Roger Bergman’s book, Catholic Social Learning (2011), hosts a variety of voices and vocations: philosophers, poets, saints, social activists, and service learning students (Bergman’s own and others) are some of them. From contexts of the ancient-past or the now-present, the ivy campus or the poor campo, as well as the shocked, shamed, and sagacious, he shows us what Aristotle, Nietzsche, Paulo Freire, Pope Paul VI, and others commonly share: encountering.


The kinds of encountering his characters represent testify to one of two different types of experience, if not both. The first experience is in meeting – through history, literature, media, and personal interaction, for instance – moral exemplars, heroines and heroes who show us something quite admirable about daily living. The other experience is in meeting the global poor. On the other side of the border, on their turf, in their homes, in their hearts, the second encountering is of the people of the Third World or, as he indicates, the Two Thirds World of people beyond our own (but who even exist within it). Both encounters – of powerful exemplar, of poor other – are profoundly transformative, and both are necessary. They are the ingredients of an effective service learning program. Bergman shows that Catholic higher education provides, or should provide, such encounterings.  


On one level, Bergman’s book is about service learning anywhere in higher education. He discusses his own program in particular, offering curricular examples, course content, reflective strategies, assessment techniques, venues, and more through which service learning programs can be successful. Reviews of pertinent literature within his book articulate different models, processes, and outcomes of programs and they reveal testimonies of students who participated in them.  


But the Catholic dimension of his book is not insignificant. Bergman also explains why Catholic colleges and universities should be offering, if not mandating, service learning on their campuses. John Henry Newman’s The Idea of a University (1887), Pope John Paul II’s encyclical, Ex corde ecclesiae (From the heart of the church) (1990), and social teachings of the Catholic bishops, such as their 1971 letter, Justitia in mundo (Justice in the world), describe why service learning manifests an essential feature of what a Catholic university is. Distilling hundreds of pages of Catholic social teaching of the 20th Century alone, part of Bergman’s project is to make more explicit the pedagogical implications of a rich but seemingly irrelevant tradition.  

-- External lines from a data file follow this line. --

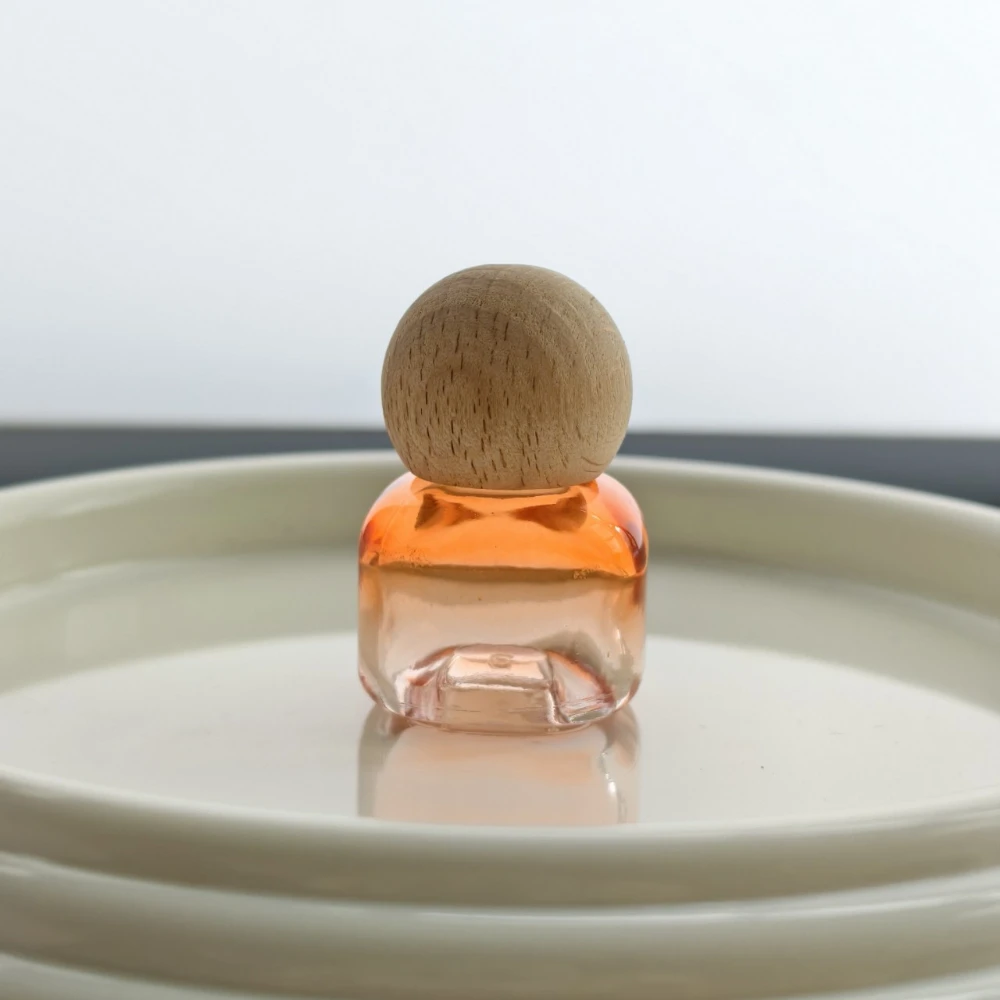 エッセンシャルオイルガラスボトル 再利用可能 詰め替え可能 液体容器 トラベルサイズ ローラーボトル カラフルな香水ローラーボールボトル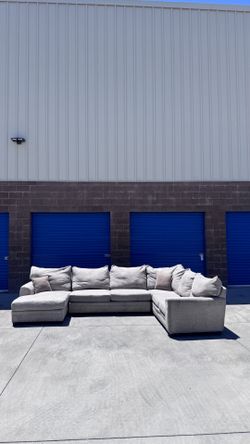 Living spaces grey creamish sectional sofa couch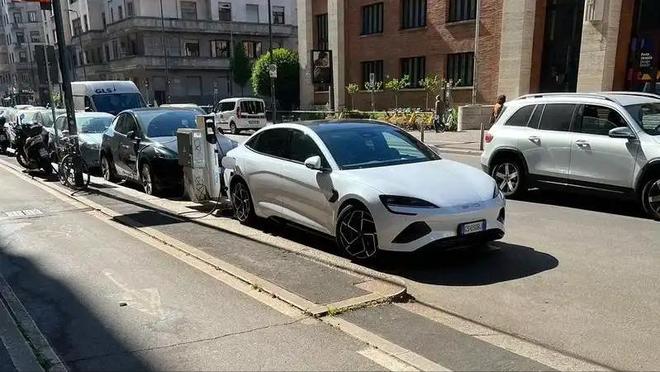 弗里茨怎么就成了小兹维列夫的苦主呢?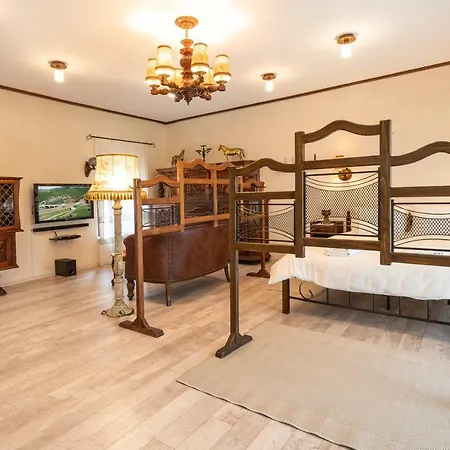 Historic In The Heart Of The Apartment Veliko Tarnovo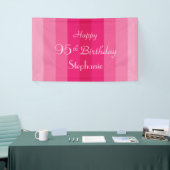 パーソナライズな第95誕生日の印のピンクのストライプ 横断幕 (トレードショー)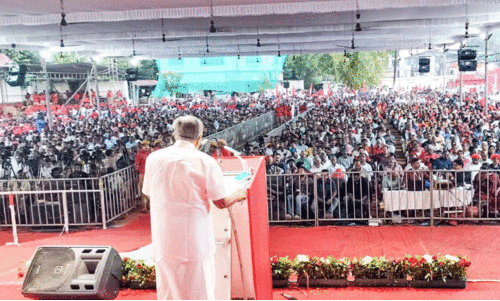അപ്രതീക്ഷിത മാറ്റങ്ങളില്ല; നേതൃത്വത്തിന്റെ വഴിയേ അപ്രതീക്ഷിത മാറ്റങ്ങളില്ല; നേതൃത്വത്തിന്റെ വഴിയേ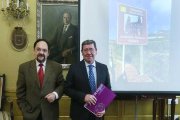 Rico (dch.) y Guerra (izq.) tras la presentación de las nuevas señales que remarcan 84 enclaves provinciales.-R. G. O.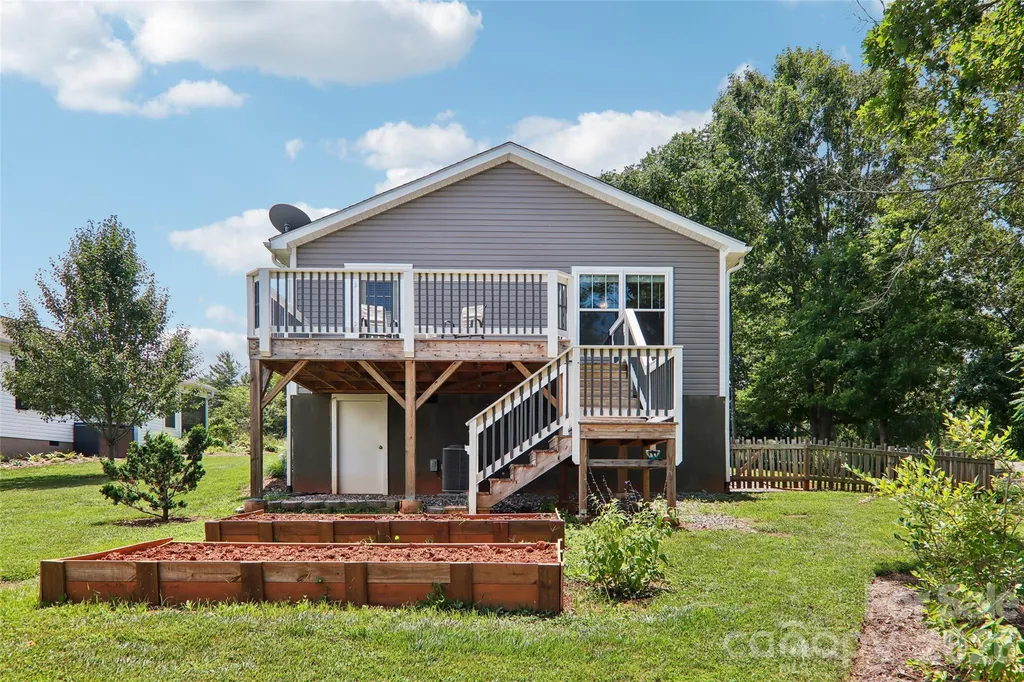 196 Tipton Hill Road Leicester NC 28748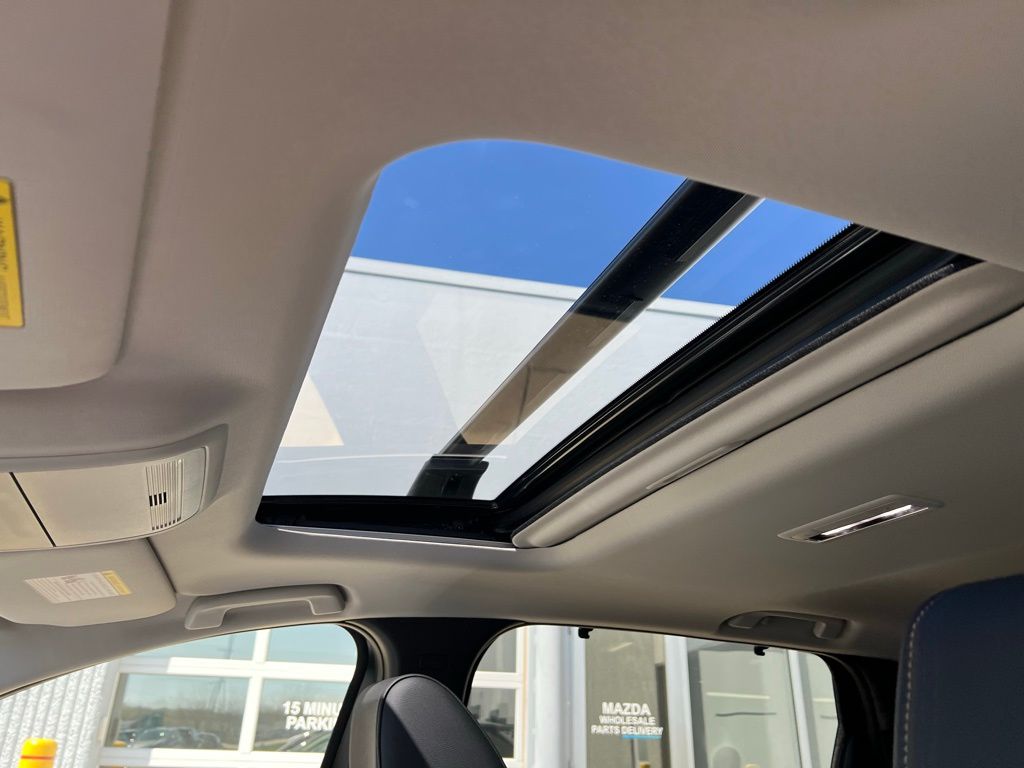 Thumbnail: 2025 Mazda CX-70 - 23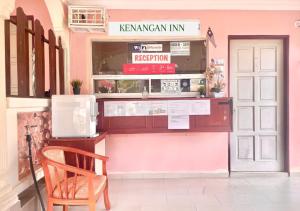 珍南海滩Kenangan Inn的柜台前带木椅的餐厅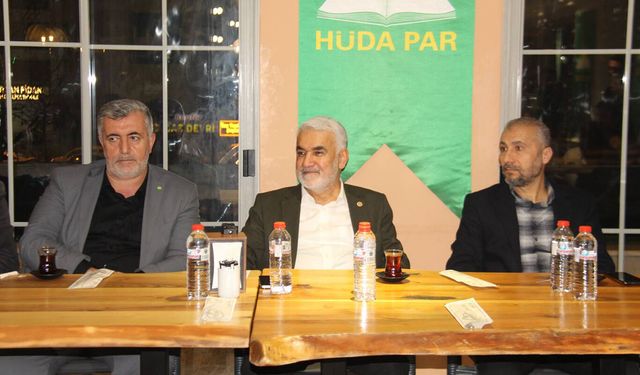 HÜDA PAR Genel Başkanı Yapıcıoğlu Diyarbakır’da ilçe başkanları ve il yönetimiyle buluştu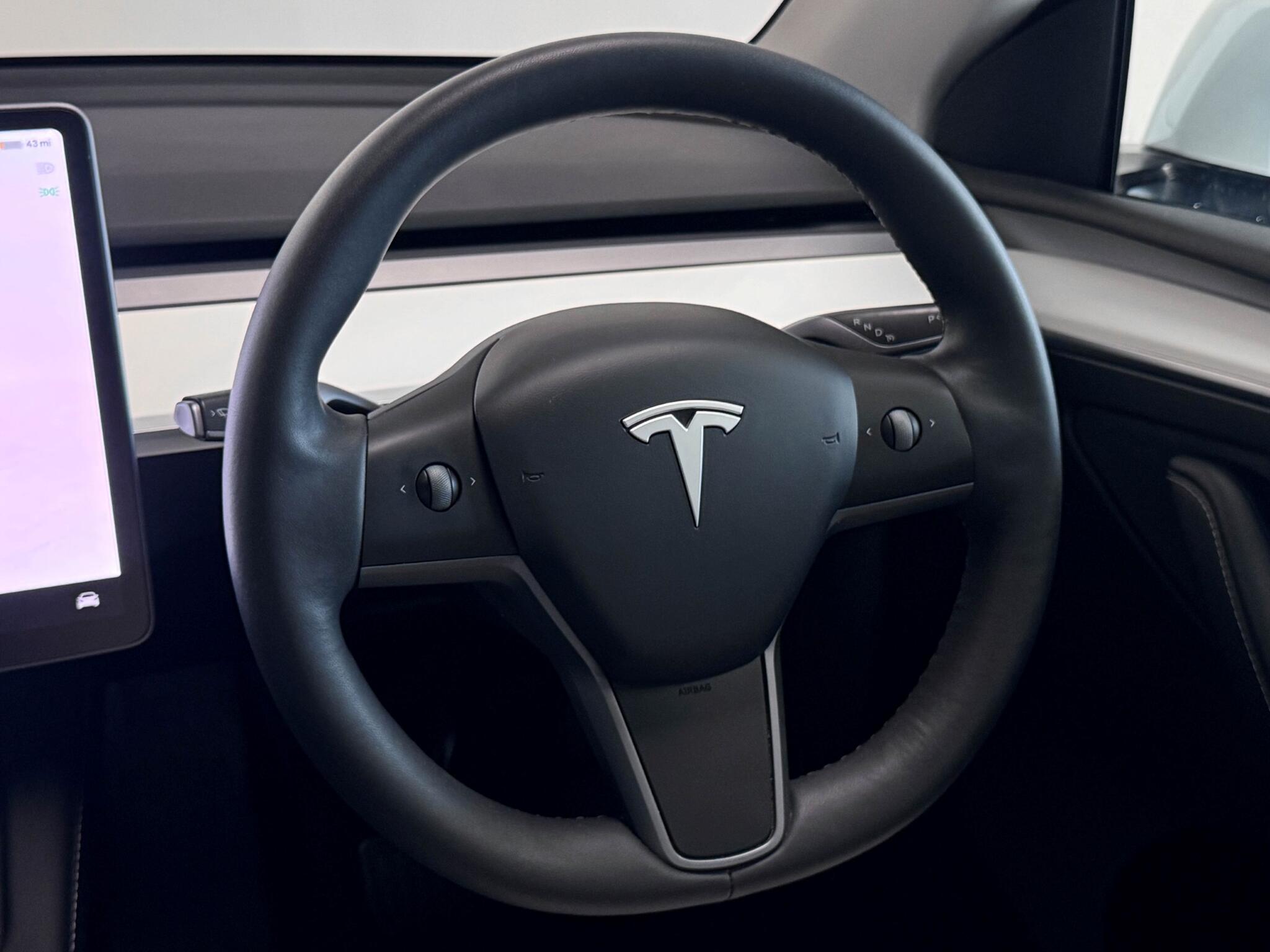 Tesla Model Y view 17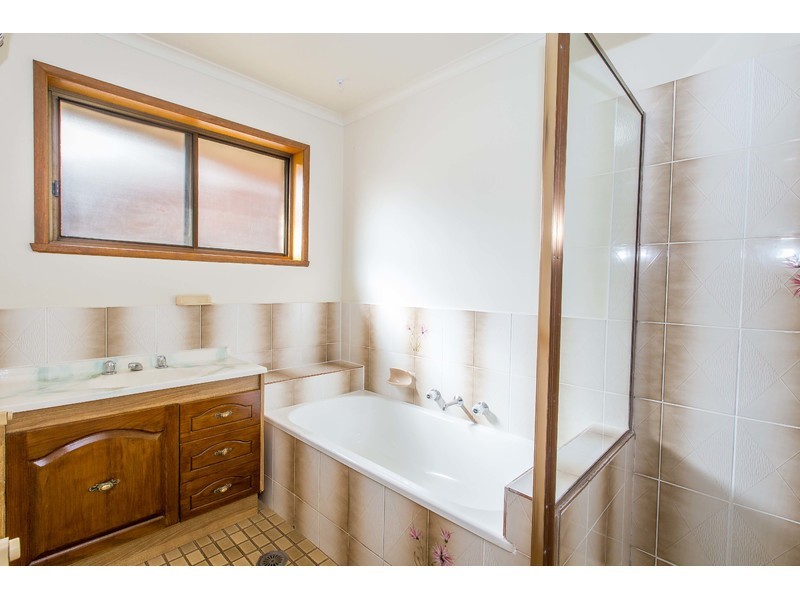 56 Sunset Drive, West Albury NSW 2640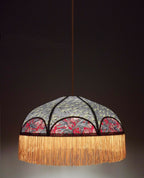 Suspension rétro arrondie : abat-jour à motifs japonais beige, rouge et franges dorées.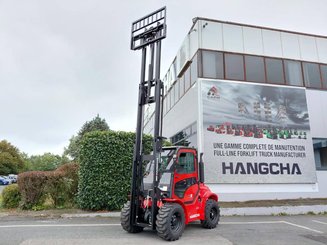 All-terrain forklift Hangcha TT18-4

Within such a tradition, Bergman becomes more specific. As he offers an excellent discussion of Catholic social thought and amplifies an operative philosophy of education, he well explains the origins, relevant documents, and pedagogy of Jesuit higher education. A teaching order within the Catholic Church, the Jesuits, a global force, educate at all levels. In particular, Bergman charts the ideas and decisions of recent commissions and personalities that have crystallized how and why justice is a fundamental component of such an enterprise at the level of colleges and universities, and the role of service learning in best reaching it.


In all of this, Bergman’s philosophical foundation is Aristotle. In fact, his discussion of The Philosopher is a strength of the book. While Bergman freshly nuances a familiar philosophical friend, letting us, for instance, appreciate less-discussed features of Aristotle’s ethical treatises, he lets Aristotle assist him in two important ways. For Bergman, Aristotle, first, substantiates service learning as a necessary aspect of education in general, and, second, Aristotle gets us to Alasdair MacIntyre.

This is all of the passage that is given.